(About this exercise) Could you please reproduce all the records below exactly, leaving out the images?

(Web page caption snippets)
= Beginning of Section =
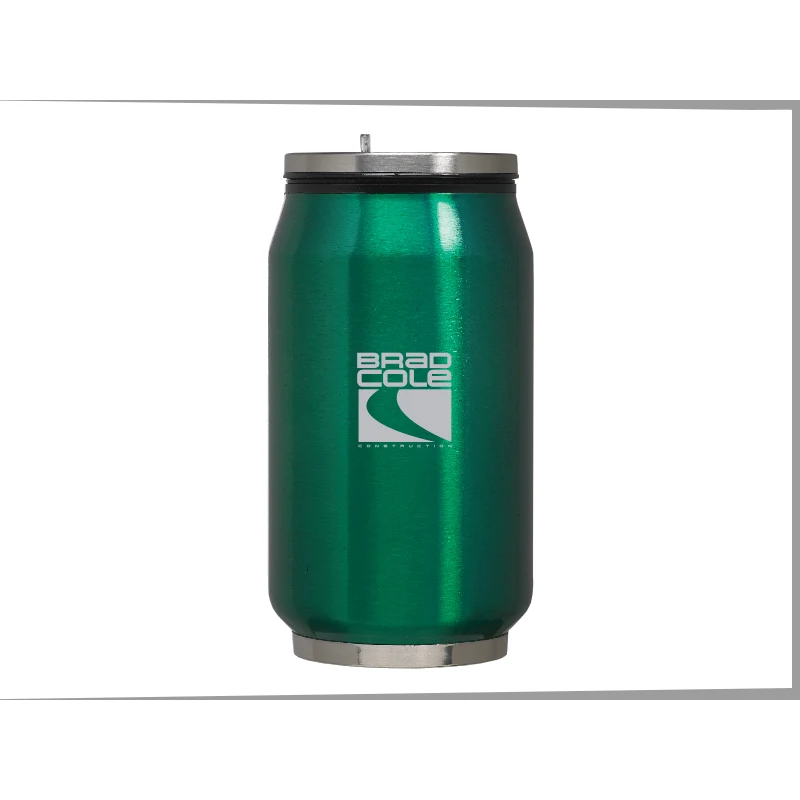 10 oz. Tailgate Can 1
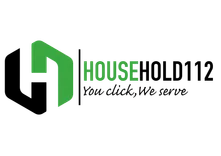 Household112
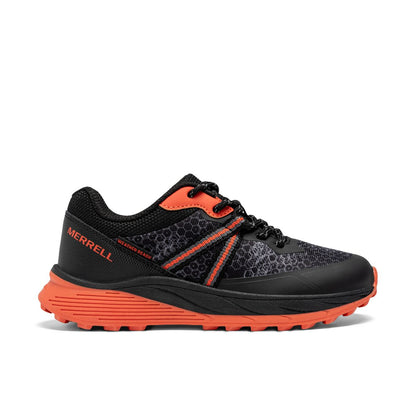 Merrell Big Kid - Snova - Shoes BK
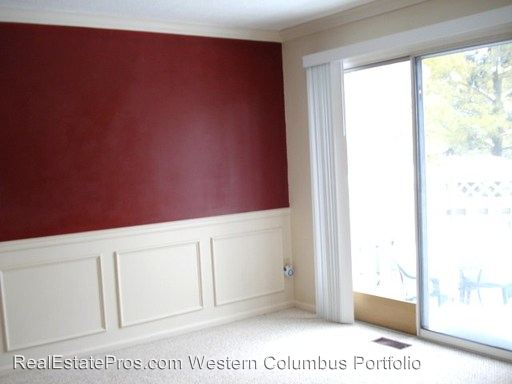 Building Photo - 3678 Hilliard Station Rd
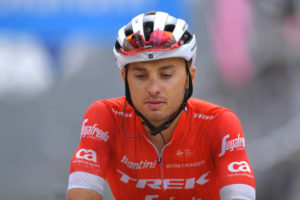 brambilla 18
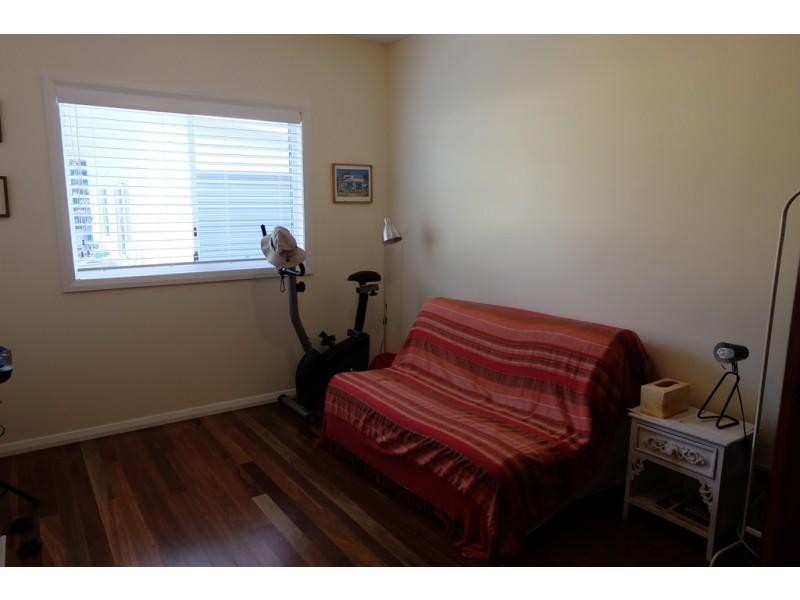 7 Brown Avenue, Soldiers Point NSW 2317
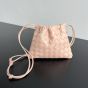 Bottega Veneta Small Dustbag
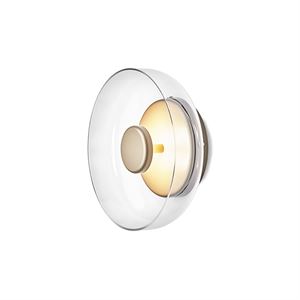 Nuura Blossi Væg/Loftslampe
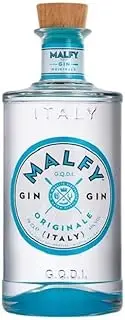 MALFY GIN ORIGINALE 700ML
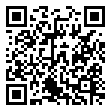 Scannable QR Code Link for 1004 Brick House Farm Lane property details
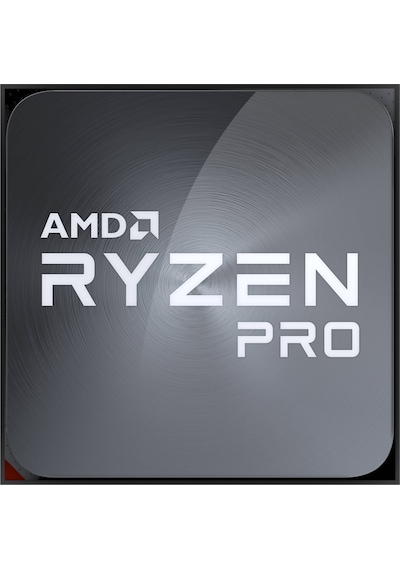 Amd Ryzen 5 Pro 5650ge 4.40 Ghz 16 Mb Am4 Tray İşlemci Grafik Kart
= End of Section =
(Answer box)
 10 oz. Tailgate Can 1
 Household112
 Merrell Big Kid - Snova - Shoes BK
 Building Photo - 3678 Hilliard Station Rd
 brambilla 18
 7 Brown Avenue, Soldiers Point NSW 2317
 Bottega Veneta Small Dustbag
 Nuura Blossi Væg/Loftslampe
 MALFY GIN ORIGINALE 700ML
 Scannable QR Code Link for 1004 Brick House Farm Lane property details
 Amd Ryzen 5 Pro 5650ge 4.40 Ghz 16 Mb Am4 Tray İşlemci Grafik Kart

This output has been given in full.